John L. Esposito analyzes the misapplication of Samuel Huntington’s clash of civilizations in Book Forum:

An irony of the rhetoric Huntington helped to legitimize is that as Western strategists range themselves against a one-note caricature of Islam, most Muslims are gravitating toward a position that does not see the West as monolithic. Moreover, anti-American sentiment among Islamic societies is primarily motivated not by religion and culture but by opposition to American foreign policy—a trend driven home most recently by the Gallup World Poll of 2005–2007. Muslim respondents took dim views of how Tony Blair and George Bush had shaped their respective diplomatic agendas but took far more benign views of Western powers such as France and Germany that dissented from those policies. For example, while 74 percent of Egyptians had unfavorable views of the United States and 69 percent said the same about Britain, only 21 percent felt unfavorably toward France.
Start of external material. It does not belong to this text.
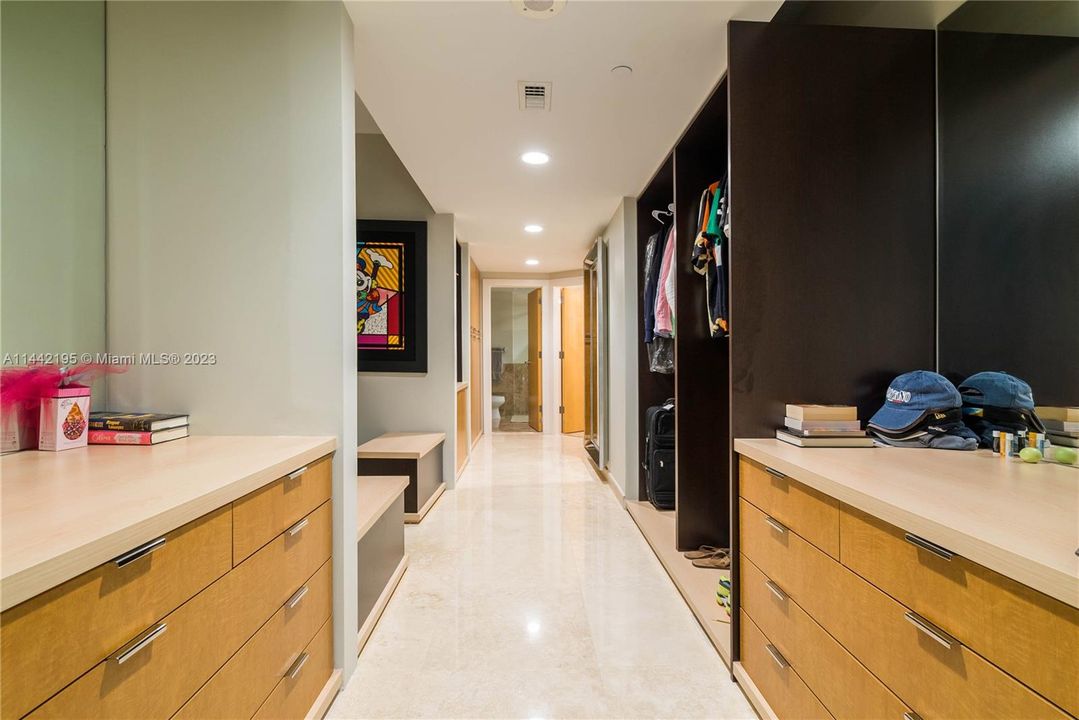 Vendido Recientemente: $4,995,000 (3 camas, 4 baños, 2250 Pies cuadrados)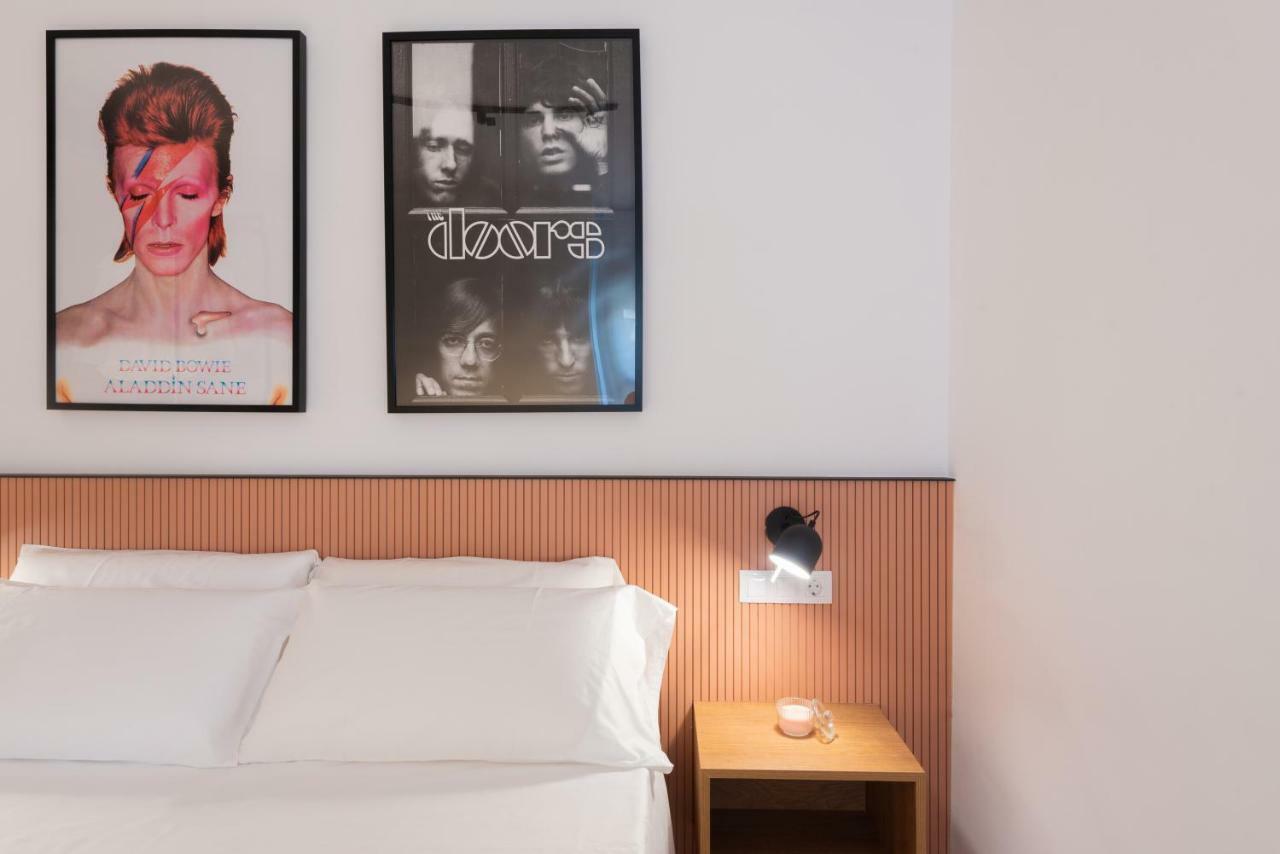 Petit Luxe L'Atic Apartment ตาราสซา ภายนอก รูปภาพ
These policy disagreements become especially sharp when we compare Muslims’ perceptions of the United States with their views of its neighbor to the north, Canada—i.e., America without the foreign policy. Sixty-six percent of Kuwaitis in the 2006 survey reported unfavorable views of the United States, while just 3 percent assented to unfavorable descriptions of Canada.

Such sentiments stand in vivid contrast to Huntington’s conclusion that “Islam’s borders are bloody, and so are its innards.” That view explicitly and simplistically attributes bloodshed to the religion of Islam—rather than to the actions of a minority of Muslim terrorists whose primary grievances are political.